Monday, 6 March 2017

The Quest for Cushions



It's important to be lazy sometimes. I used to be quite good at it. I could go for days without even getting off the sofa. I'm not as good any more, I feel guilty and obliged to go out for a walk, even if it's just a totally pointless walk. I'll go out to by milk even though I don't really drink milk. I'll get a paper and never even read it.

But once the walk is done I can get back to being lazy. There are a couple of options. I've got a sofa, there are lots of cushions, there's a massive bean bag. The bean bag is great for watching TV. It's so big it feels like you're floating.

I'll put a couple of the cushions we got in Morrocco behind me and put my feet up on the Morroccan leather pouffe which I stuffed full of old clothes that I didn't have the heart to throw away. And I'll lie there and get lazy with a coffee next to me on the Morroccan rug.

It's a red rug, the colour of red wine. I bought it in Marrakech. It has white weaving stripes running across it. I don't know what it's made of, probably camel hair, or Atlas mountain goat hair.

Marrakech was a busy place. We stayed in a riad right in the centre, a riad is a sort of traditional house with about three or four floors and a central courtyard usually with some palms or a fountain in the centre. All buildings in Marrakech are the same hight because they're not alowed to be taller than the mosques and most of them have a roof garden or terrace. And when you look around the sky line from the roof gardens you can see all the pink buildings with the mosques sticking out occasionally wailing the call to prayer. It looks still and calm. Like a flat lake of terracotta. But it's not calm beneath the surface.

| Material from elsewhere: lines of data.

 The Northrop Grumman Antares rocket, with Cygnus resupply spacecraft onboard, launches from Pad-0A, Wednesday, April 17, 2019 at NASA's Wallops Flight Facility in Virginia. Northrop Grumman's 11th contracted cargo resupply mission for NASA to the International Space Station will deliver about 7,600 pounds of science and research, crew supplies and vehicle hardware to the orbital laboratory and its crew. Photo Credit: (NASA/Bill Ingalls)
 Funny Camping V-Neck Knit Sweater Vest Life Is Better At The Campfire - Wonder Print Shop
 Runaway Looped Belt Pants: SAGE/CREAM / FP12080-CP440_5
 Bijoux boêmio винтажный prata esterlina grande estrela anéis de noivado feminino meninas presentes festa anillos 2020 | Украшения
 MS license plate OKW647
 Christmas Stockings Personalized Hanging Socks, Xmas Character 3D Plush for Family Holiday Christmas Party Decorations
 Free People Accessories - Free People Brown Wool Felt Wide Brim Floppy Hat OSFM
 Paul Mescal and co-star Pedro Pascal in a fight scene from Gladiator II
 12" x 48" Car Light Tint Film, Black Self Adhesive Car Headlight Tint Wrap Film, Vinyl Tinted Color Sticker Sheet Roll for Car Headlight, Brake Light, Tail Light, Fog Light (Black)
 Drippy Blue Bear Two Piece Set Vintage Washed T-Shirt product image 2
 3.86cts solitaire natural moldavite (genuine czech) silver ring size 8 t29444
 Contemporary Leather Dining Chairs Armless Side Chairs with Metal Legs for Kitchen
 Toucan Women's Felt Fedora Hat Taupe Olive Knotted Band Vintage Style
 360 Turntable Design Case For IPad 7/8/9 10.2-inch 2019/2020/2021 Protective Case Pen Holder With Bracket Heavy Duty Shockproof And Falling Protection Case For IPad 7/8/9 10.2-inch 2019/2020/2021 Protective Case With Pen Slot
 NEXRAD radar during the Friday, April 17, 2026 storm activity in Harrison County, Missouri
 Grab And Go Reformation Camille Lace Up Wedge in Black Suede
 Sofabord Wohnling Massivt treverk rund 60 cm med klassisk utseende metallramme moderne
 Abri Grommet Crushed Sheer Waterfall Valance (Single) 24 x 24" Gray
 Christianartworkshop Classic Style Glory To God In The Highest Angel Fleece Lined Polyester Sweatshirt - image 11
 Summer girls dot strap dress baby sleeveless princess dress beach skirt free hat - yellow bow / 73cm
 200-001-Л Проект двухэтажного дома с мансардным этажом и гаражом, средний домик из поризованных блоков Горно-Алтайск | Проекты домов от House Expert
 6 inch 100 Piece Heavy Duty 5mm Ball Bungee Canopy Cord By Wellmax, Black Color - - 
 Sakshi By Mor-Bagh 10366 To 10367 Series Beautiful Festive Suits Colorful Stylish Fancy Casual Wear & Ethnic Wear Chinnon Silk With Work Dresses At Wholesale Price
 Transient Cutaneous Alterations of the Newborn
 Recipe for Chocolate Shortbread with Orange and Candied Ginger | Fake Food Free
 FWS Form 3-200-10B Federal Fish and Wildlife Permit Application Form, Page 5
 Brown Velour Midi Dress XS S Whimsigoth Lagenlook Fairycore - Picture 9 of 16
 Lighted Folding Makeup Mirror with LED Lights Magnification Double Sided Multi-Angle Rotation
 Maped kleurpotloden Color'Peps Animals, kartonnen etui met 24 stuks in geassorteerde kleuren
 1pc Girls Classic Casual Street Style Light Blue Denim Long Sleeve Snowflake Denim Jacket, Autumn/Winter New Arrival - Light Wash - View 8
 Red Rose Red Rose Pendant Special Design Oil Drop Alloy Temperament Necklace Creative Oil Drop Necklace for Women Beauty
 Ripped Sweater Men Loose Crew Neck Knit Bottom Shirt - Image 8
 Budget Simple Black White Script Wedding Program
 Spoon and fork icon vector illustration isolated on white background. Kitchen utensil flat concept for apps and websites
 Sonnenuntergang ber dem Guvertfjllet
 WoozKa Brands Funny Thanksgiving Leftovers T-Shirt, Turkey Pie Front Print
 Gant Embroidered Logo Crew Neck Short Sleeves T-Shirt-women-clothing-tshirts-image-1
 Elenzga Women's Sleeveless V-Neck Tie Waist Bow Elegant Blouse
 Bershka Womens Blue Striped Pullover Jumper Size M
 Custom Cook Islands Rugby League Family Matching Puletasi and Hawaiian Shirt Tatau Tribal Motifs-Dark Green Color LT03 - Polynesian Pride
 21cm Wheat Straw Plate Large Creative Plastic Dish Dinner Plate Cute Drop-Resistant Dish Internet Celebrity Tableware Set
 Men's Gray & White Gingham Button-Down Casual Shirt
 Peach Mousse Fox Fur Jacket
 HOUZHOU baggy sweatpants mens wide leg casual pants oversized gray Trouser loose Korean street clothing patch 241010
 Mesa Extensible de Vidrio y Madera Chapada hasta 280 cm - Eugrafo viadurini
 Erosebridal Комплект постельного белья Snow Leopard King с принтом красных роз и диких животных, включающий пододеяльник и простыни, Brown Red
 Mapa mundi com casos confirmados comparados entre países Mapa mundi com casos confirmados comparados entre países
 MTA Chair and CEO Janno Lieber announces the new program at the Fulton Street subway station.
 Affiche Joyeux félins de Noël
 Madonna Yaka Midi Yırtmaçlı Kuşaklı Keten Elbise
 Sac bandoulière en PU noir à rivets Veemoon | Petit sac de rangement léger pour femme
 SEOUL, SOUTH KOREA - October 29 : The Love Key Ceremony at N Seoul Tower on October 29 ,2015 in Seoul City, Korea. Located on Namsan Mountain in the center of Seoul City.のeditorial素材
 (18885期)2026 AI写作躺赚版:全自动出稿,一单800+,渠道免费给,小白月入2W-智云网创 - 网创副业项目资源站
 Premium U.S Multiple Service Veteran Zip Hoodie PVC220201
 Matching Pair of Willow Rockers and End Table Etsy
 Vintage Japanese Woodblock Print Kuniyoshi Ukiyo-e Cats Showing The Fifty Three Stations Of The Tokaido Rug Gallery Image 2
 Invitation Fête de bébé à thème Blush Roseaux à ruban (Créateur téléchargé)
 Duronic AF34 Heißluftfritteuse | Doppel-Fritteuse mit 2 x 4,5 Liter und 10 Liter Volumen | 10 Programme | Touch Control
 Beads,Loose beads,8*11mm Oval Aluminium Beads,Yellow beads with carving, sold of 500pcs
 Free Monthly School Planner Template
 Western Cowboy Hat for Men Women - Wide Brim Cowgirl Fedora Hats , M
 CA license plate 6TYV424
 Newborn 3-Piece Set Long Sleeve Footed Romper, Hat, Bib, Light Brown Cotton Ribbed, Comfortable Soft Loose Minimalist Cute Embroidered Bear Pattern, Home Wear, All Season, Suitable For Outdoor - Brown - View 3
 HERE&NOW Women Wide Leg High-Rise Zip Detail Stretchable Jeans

When you go down stairs it all changes. If you've ever imagined a labyrinth with strange things around every corner then that's sort of what it's like. The streets are about as wide as a pavement, and they have lots of people walking down them. In between the people are mopeds driven by kids weaving along spewing fumes and noise, and in between the people and mopeds are cats and kittens.

There are kittens everywhere. The streets are mostly lined with shops and some are covered with corrugated iron so it becomes a sort of indoor labyrinth so you can't even navigate by the sun or a slow moving cloud. By the time you manage to find where you might be on the map you turn another corner and realise you're absolutely completely and utterly lost. And that's just after 10 minutes of leaving the riad.

Children shout all the time offering directions, but someone told me not to take directions because the child would follow you about all day claiming they were now employed to be your personal guide.

I don't like to admit if I'm lost so I decided to go for the challenge of finding my own way. It wasn't the right decision.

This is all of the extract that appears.